Oh, I took pictures of the bird just fine. But the minimum focus distance for the 100-300 is 1.5 metres, and I had some trouble getting that far away from this kookaburra. She seemed happy enough with the lens more or less clinking up against her beak.

It wasn't really a normal bird-lens kind of situation.

So I switched to my cheap Phoenix macro.

Kookaburra eye

Yeah, that's better.

Many kookaburras have been hanging around people long enough that they'll eat out of your hand.

Kookaburra beak

It's up to you to decide whether that's a good idea.

I took a lot of pictures of this kooka, then figured I ought to say thank you with at least a bit of food. Nothing in the pantry really screamed "kookaburra food", but there was some cat food with fish chunks, which looked like a decent bet.

Kookaburra having a snack

It met with her approval.

I initially tried offering her a spoonful of it. I only just managed to get the spoon back.

Kookaburra snack

Kookaburras aren't really built to eat cat food, even the lumpy kind. So a significant amount of the fish ended up just messing up her beak. And the railing.

Kookaburra shaking head

That was because kookas instinctively beat their food on hard objects, to make sure it's dead. They do this with any food you give them, which means you'll get sprayed with tiny bits of fish if you give them cat food.

Kookas also, like other birds, have a nictitating membrane, or "third eyelid", which they deploy to protect their eyes when they're doing something dramatic, like bashing their food.

Kookaburra monster

The translucent membrane gives the bird a dead-eyed zombie look.

Cats have third eyelids too, but they at least have the decency to close their outer eyelids before they close the membrane, so you usually only see a bit of it retracting away as a sleepy cat opens its eyes. If you see a cat with its eye mostly open and the nictitating membrane clearly visible, then it is probably not a healthy cat.

The kookaburra hasn't been back for another feed. I presume whatever they're getting up the street is better.


We put out bird seed on the table on the deck at the back of our house. This has resulted in

1: Bird crap all over the deck
2: Bird seed sprouting into grass all over that area, crowding out some pot plants
3: Birds.

Decorative rosellas

Most of the birds that turn up are Crimson Rosellas, along with...

King parrot silhouette

...a selection of King-Parrots. Male King-Parrots have the reddest-looking feathers in the universe, because they've actually got a bit of Day-Glo orange mixed in there. Rosellas are brightly coloured birds, but they look downright dowdy compared with King-Parrots.
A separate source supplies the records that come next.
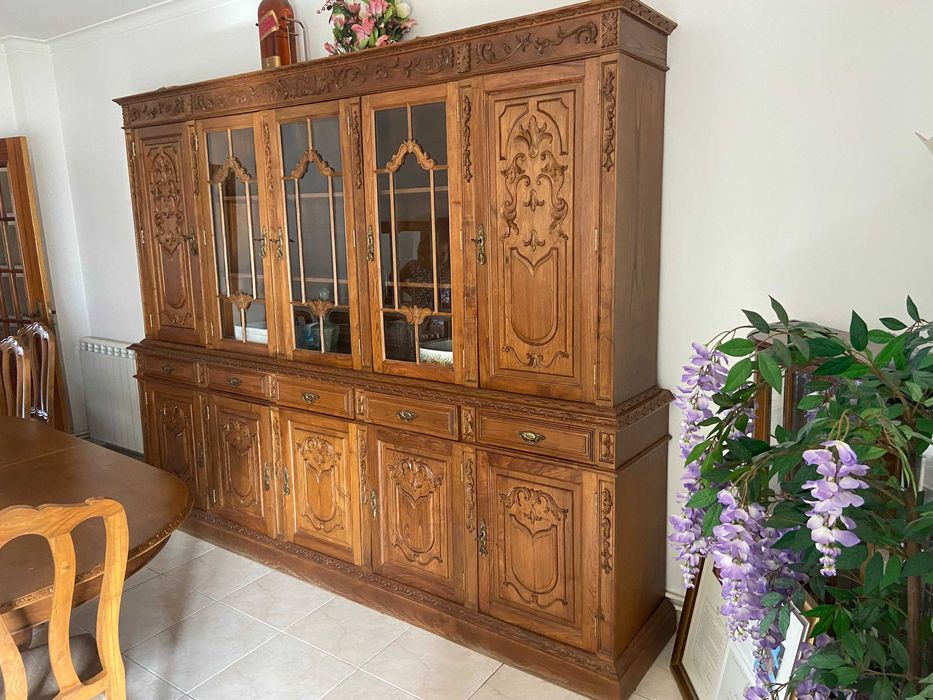 móvel de sala em madeira de castanho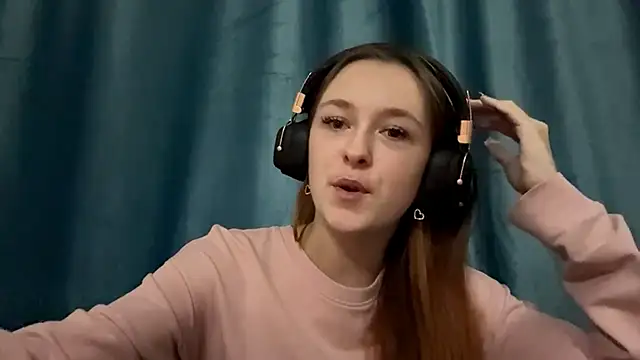 HOTBellakle online show from November 21, 2025, 3:33 pm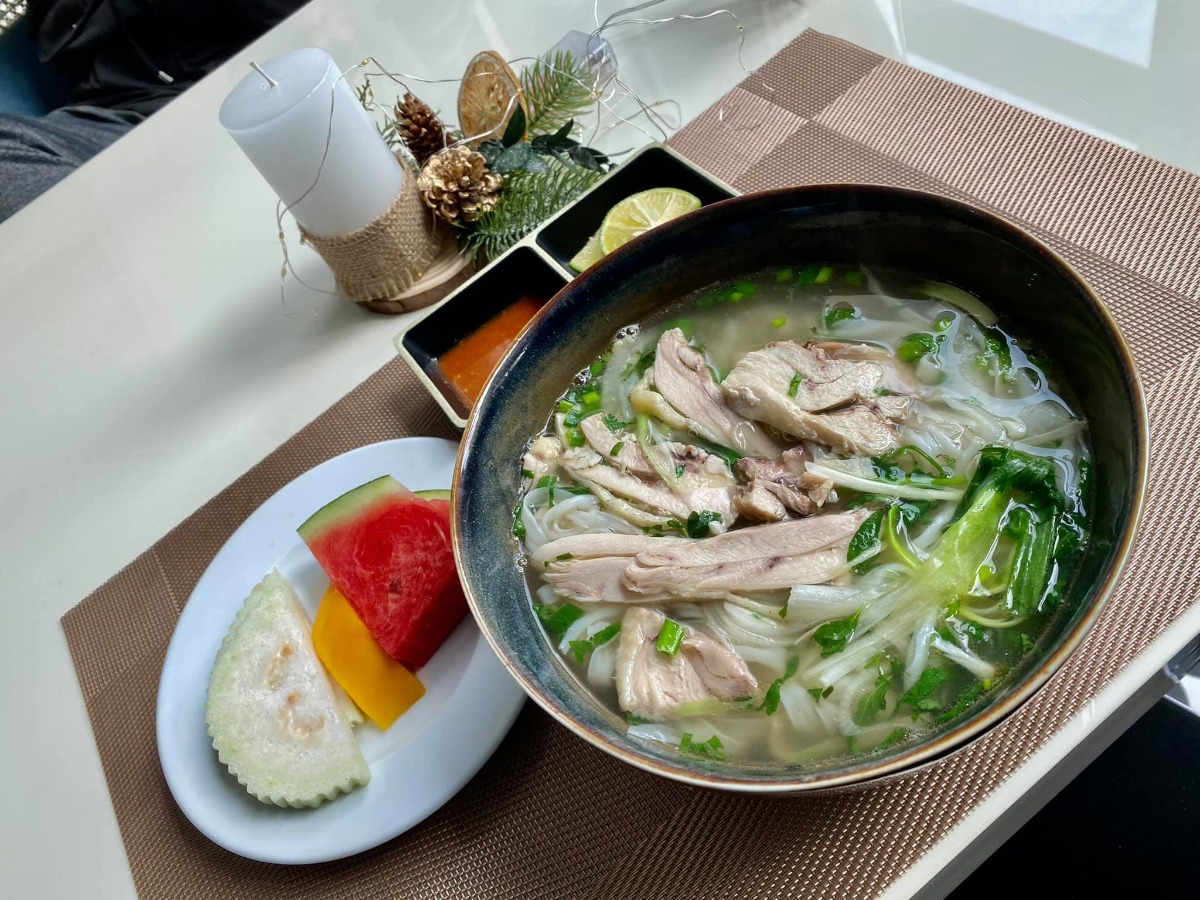 [Rì-viu sinh mổ Bảo Sơn]

Sau khi được trải nghiệm đủ cả sinh mổ và sinh thường thì em xin được phép kết luận: đối với em, sinh thường kinh khủng hơn các mẹ ưiii 😅
Lần 1 sinh thường ở Sản HN e khá ưng ý, cuộc đẻ được quan tâm và lúc nào bác sĩ em chọn cũng túc trực hỏi han. Tuy nhiên phòng sau sinh chật, khu dịch vụ cũng quá đông đúc nên cảm giác hơi ngộp. Viện công nhưng chi phí khu dv cũng khá cao (trên 20tr cho sinh thường), thủ tục thanh toán lâu nên chồng em phải chạy hơi vất 😅. Lần đầu sinh dễ nên lần 2 e quyết định "đi hưởng" ở viện tư 😆

A. Đăng kí

Em chọn Bảo Sơn vì ngay gần nhà (5' ra đến nơi) và còn gần cả Sản Hn, Nhi tw nên nếu có vấn đề gì thì chuyển viện cực nhanh 😝

Đến viện, nhìn cơ sở vật chất, đội ngũ đón tiếp và bề dày kinh nghiệm của y bác sĩ đầu ngành đỉnh quá nên em quyết định đăng kí trọn gói từ 12w luôn.

Được nhiều ưu đãi và giảm giá từ hội chợ nữa nên gói thăm khám từ 12w đến khi sinh xong của e chỉ còn trên dưới 20tr. Quá rẻeeeeee!!!
20tr ở đây ko chỉ để đi đẻ nhé ạ hihi

Khám và chăm sóc a-z từ thời điểm đăng kí gói cho đến khi sinh xong và tái khám sau sinh luôn. Vô cùng kinh tế 🥰

Cực kì thích bs siêu âm của BS, lần nào cũng kiên trì cho xem mặt e bé, chỉ rõ từng bộ phận và giải thích tỉ mỉ.

Mỗi lần đi khám còn được ăn uống no nê free bên khách sạn Bảo Sơn ngay cạnh nữa. Mê đồ ăn ở đây vô cùng, nhất là phở và và súp bí đỏ 😋
Cả thai kì em được bs Nguyễn Hữu Cốc - Nguyên Phó khoa đẻ viện Sản tw (Thầy thuốc ưu tú - Giảng viên cao cấp ĐH Y HN môn phụ sản) trực tiếp khám và sau là mổ đẻ cho e luôn 😝 Bác tuy lớn tuổi nhưng cực kì nhanh nhẹn và nhẹ nhàng, hỏi gì cũng kiên nhẫn trả lời bằng hết 😆

B. Đẻee!!!

Em bé Mơ siêu nghịch nên nhất định phải nằm ngang chứ ko chịu quay đầu 🤣

Trước mổ:

Em được bs giải thích về những nguy cơ đối với thai ngôi ngang nên quyết định mổ luôn chứ ko chờ đến khi chuyển dạ nữa. (Mọi người có thể gg search để thấy sự nguy hiểm khi thai nằm ngôi ngang ạ 🥲)
38w3d lên bàn mổ!

Trong mổ:

Thật sự ca mổ nhẹ tựa lông hồng, ko kinh khủng như những gì em đọc và tưởng tượng 🙂 Từ gây tê tuỷ sống, mổ, khâu đều rất nhẹ nhàng. Các bs và các cô hộ sinh cùng trò chuyện với em rôm rả trong phòng mổ nên thấy ko sợ tí nào. 

Sau mổ:

Sau khi mổ xong được chuyển về nằm hậu phẫu 4-6 tiếng đến khi cử động được chân thì về phòng với con. Trong lúc đó, chồng em ở tầng dưới đón con và da kề da liên tục chờ em về. Đây là dv e ưng ý nhất! Chứ ở viện Sản con được tiếp da với mẹ có tí tẹo 😣

Về khoản chăm sóc sau sinh thì điểm 10 lunnn 

Bấm chuông là các cô sang hỗ trợ tất tần tật từ thay bỉm, bế bé, pha sữa, thay quần áo bé, vệ sinh cho mẹ... Chính vì thế nên 2 vợ chồng chăm nhau nhàn tênh 🤣

Ngày nào bs sản và bs nhi cũng đảo qua thăm hỏi khám xét kĩ càng cho mẹ và bé 👍🏻 À vì e đẻ mổ nên còn có bs gây tê quan tâm đặc biệt nữa kiki. 

Chế độ ăn cho sản phụ ngày 4 bữa no ko thở được. Mà đồ ăn siêu siêu siêu ngon luôn ạ! Nhiều nhà còn xin ở lại thêm vì sợ về sớm cơm cữ ko ngon đc như cơm viện 😂

Em bé trước khi ra viện còn được tặng bộ ảnh newborn. Nói thật là ko đẹp lắm, (vì mẹ cháu cũng khá cầu kì chăm chút khoản chụp ảnh sống ảo cho các cháu nên thấy vậy) nhưng có chút kỉ niệm lưu lại khoảnh khắc cho con cũng thấy vui.

Sau sinh còn được tặng quà, tái khám free, khám dinh dưỡng free cho mẹ và bé trong 1 năm.

Nói chung là ưng tất tật các dv sau sinh của Bảo Sơn ^^ 

C. Thủ tục + chi phí

Tất cả các thủ tục ở đây đều nhanh gọn lẹ, việc của chồng em khi thanh toán chỉ là mang thẻ xuống quẹt chứ ko phải chạy khắp nơi như lần đầu 👍🏻

Chi phí:
Gói sinh thường từ 12w e đã thanh toán trước 20tr
Sau đó chuyển mổ +13tr chi phí chênh lệch
Sử dụng các dịch vụ sau sinh: giảm đau, plasma, sàng lọc, thuốc cho mẹ và bé sau khi xuất viện, một số khoản khác... 
BHYT trừ hơn 1tr
--- 
Tổng chi phí trên dưới 40tr cho 1 cuộc nghỉ dưỡng siêu ưng ý!
---
Lần này đẻ mổ thấy đỡ đau và khoẻ hơn lần 1 đẻ thường. Ngay sau khi xuất viện đã lên xuống cầu thang ok rồi ạ, chứ đẻ thường e lê lết cả tháng trời 😮‍💨

Mới đẻ hơi mất não nên chắc quên nhiều chi tiết, mẹ nào cần thêm thông tin cứ hỏi nhiệt tình nhé 😝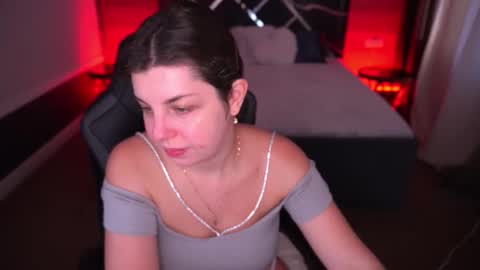 Snapshot of mirandawarm chatting on 10-23-25, 05:18 Miranda online show from 10-23-25, 05:18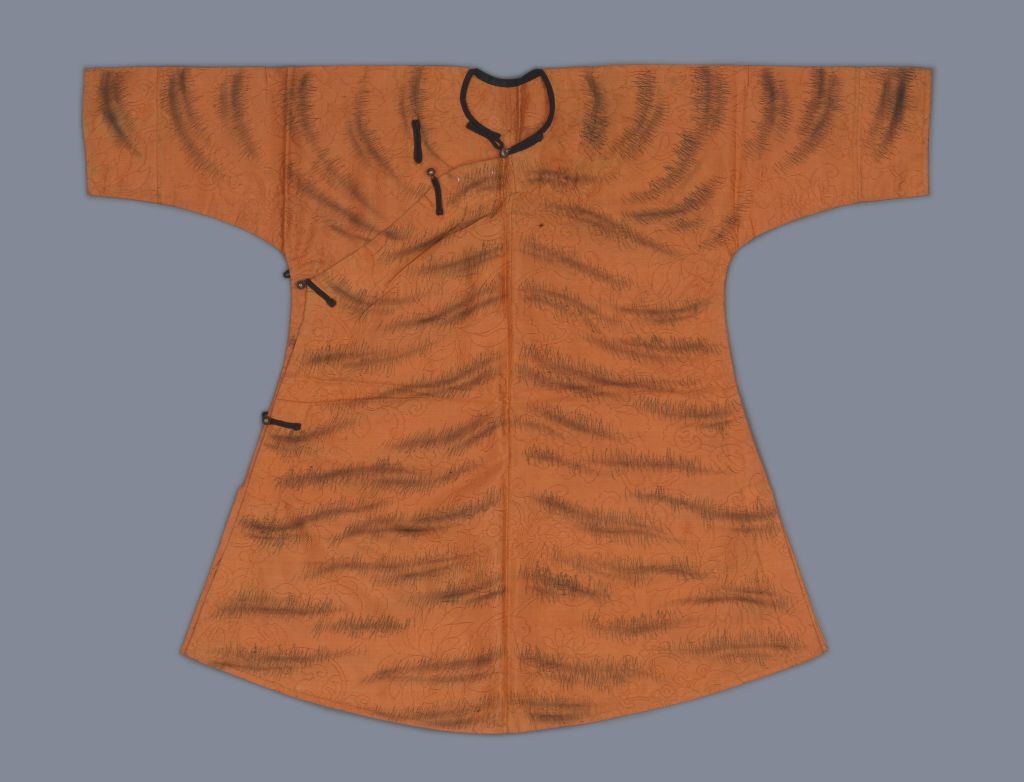 图片[1]-Apricot yellow chrysanthemum butterfly pattern field yarn painting tiger skin small single robe-China Archive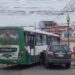 Daños materiales al chocar un bus y un automóvil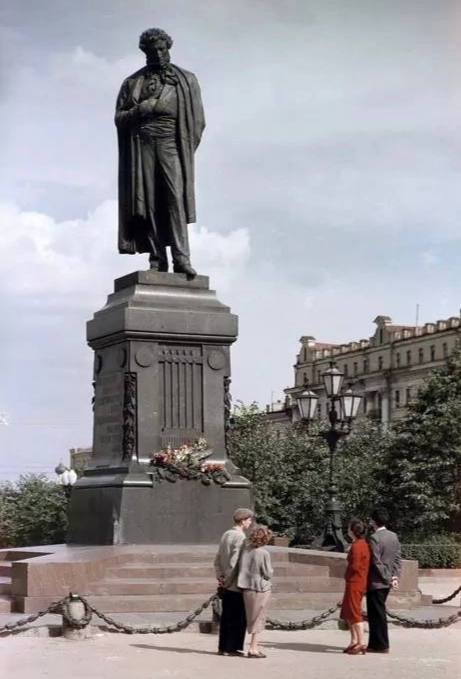 Москва и москвичи. Двадцатый век. 25.08.24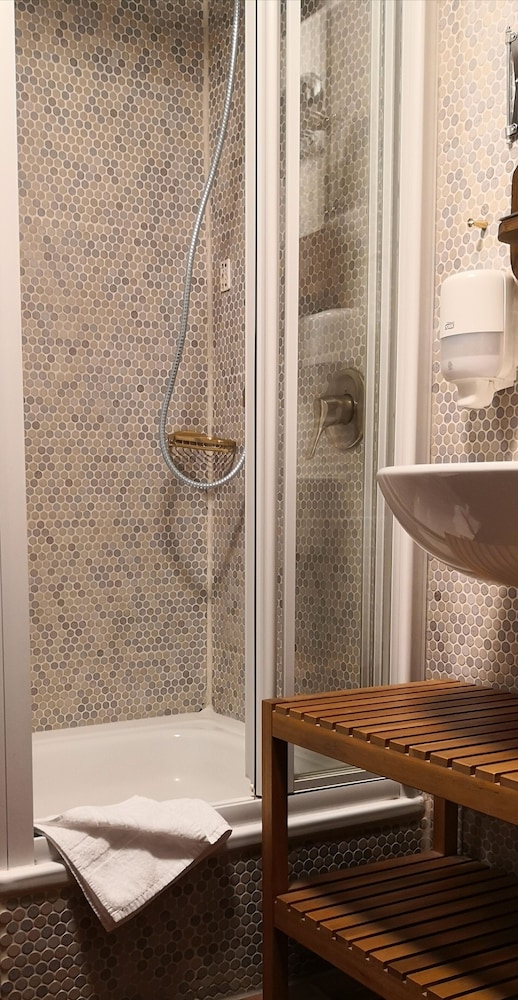 Suite, Ensuite - Photo 2
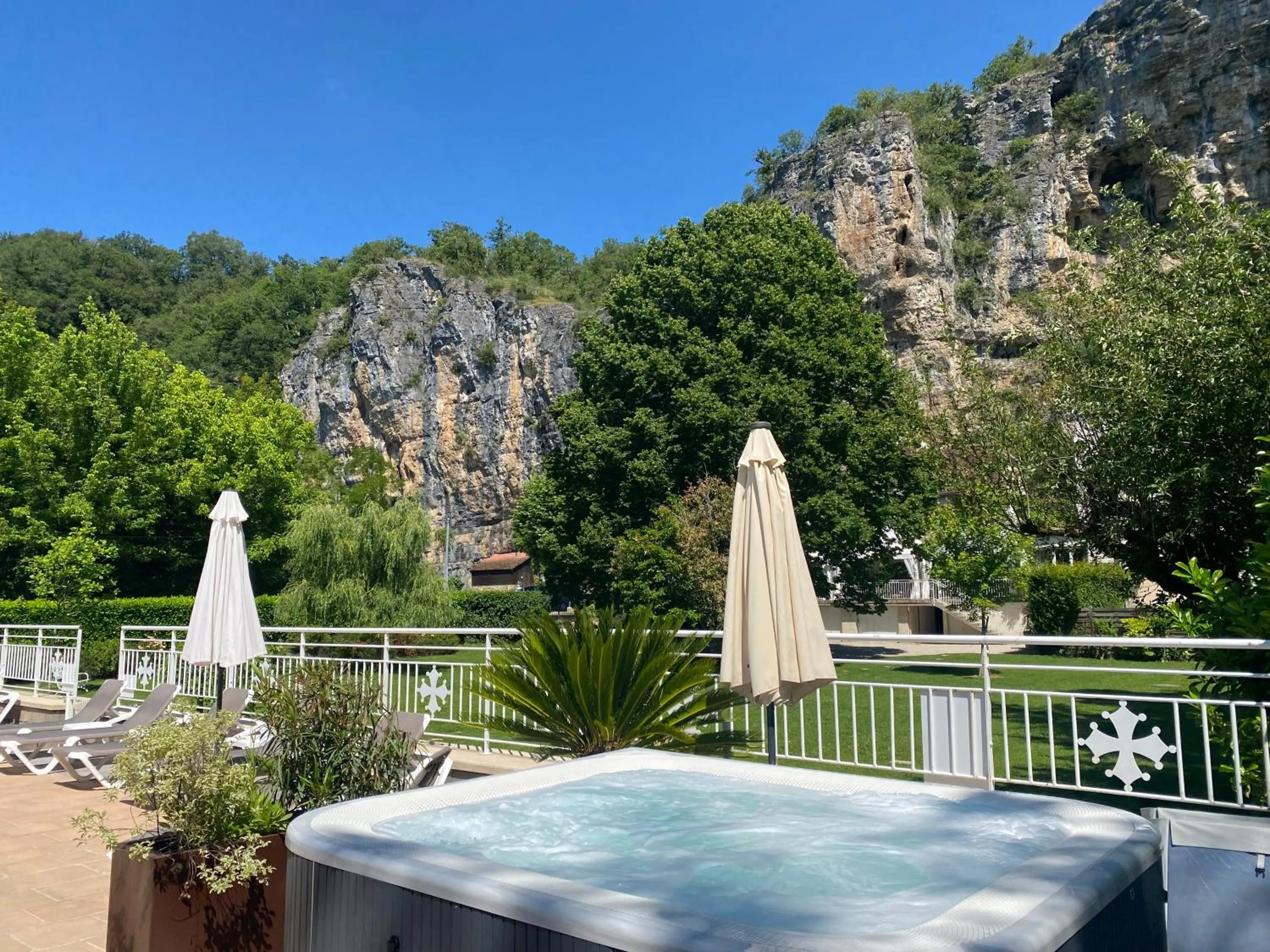 Hot Tub in Logis Hôtels - Hôtel Restaurant Domaine Les Falaises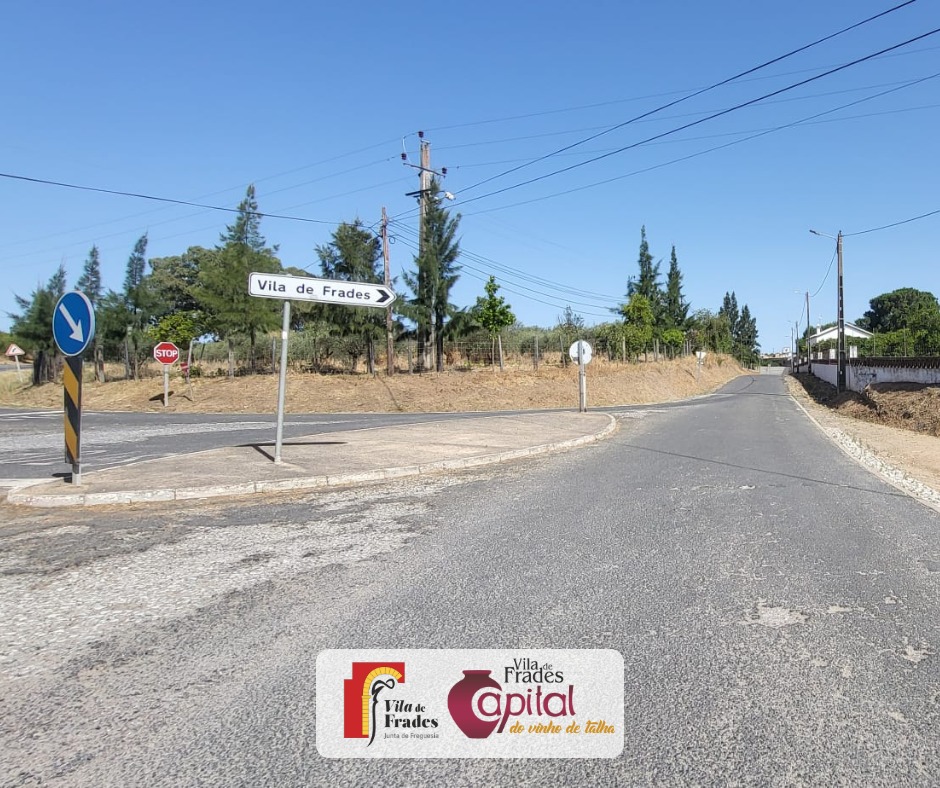 Limpeza e Manutenção das Entradas da Vila Limpeza e Manutenção das Entradas da Vila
Fairly often, though, there is a great beating of small-to-medium-sized wings followed by a sound vaguely suggestive of pterodactyls. Because the Sulphur-cresteds have shown up.

Crest exercises

The Sulphur-crested Cockatoo is, like the smaller parrots, common pretty much everywhere on the populated Australian coast. They're still impressive buggers, though, with an average weight of more than 800 grams (Urban pigeon: 200 grams. Bald eagle: 4000 grams) and a tourist-startling screech (MP3) roughly as loud as a chainsaw. Fortunately, they only visit our little bird feeder in single-digit numbers, or they'd have dismantled the whole back of the house by now.

Smaller parrots (cockatoos are not technically parrots, but they're very similar) walk as if their feet are on little wheels going round and round. Sulphur-cresteds are big enough that they walk like policemen with their hands behind their backs.

It is my theory that a Sulphur-crested Cockatoo flips up its crest whenever it has a thought.

They have a lot of thoughts when they're trying to deal with the weighty issues raised by the presence of a seed bell and of a person taking dodgy photographs of them through the living room window.

Eh, eh, know what I mean, nudge, nudge?

Sometimes they remind me of Eric Idle.

When Sulphur-cresteds are a bit chilly and aren't eating, they fluff up their facial feathers and completely change their expression.

Cockies and parrots

Combine face-fluffing with the bendy stretchy crest-flicky stuff they do when they're staring down a human being, and you get endless entertainment.

Cockie stretching

Fun Fact: Commercial seed blocks for birds - and, probably, for rodents and other such creatures - are held together with ordinary PVA glue.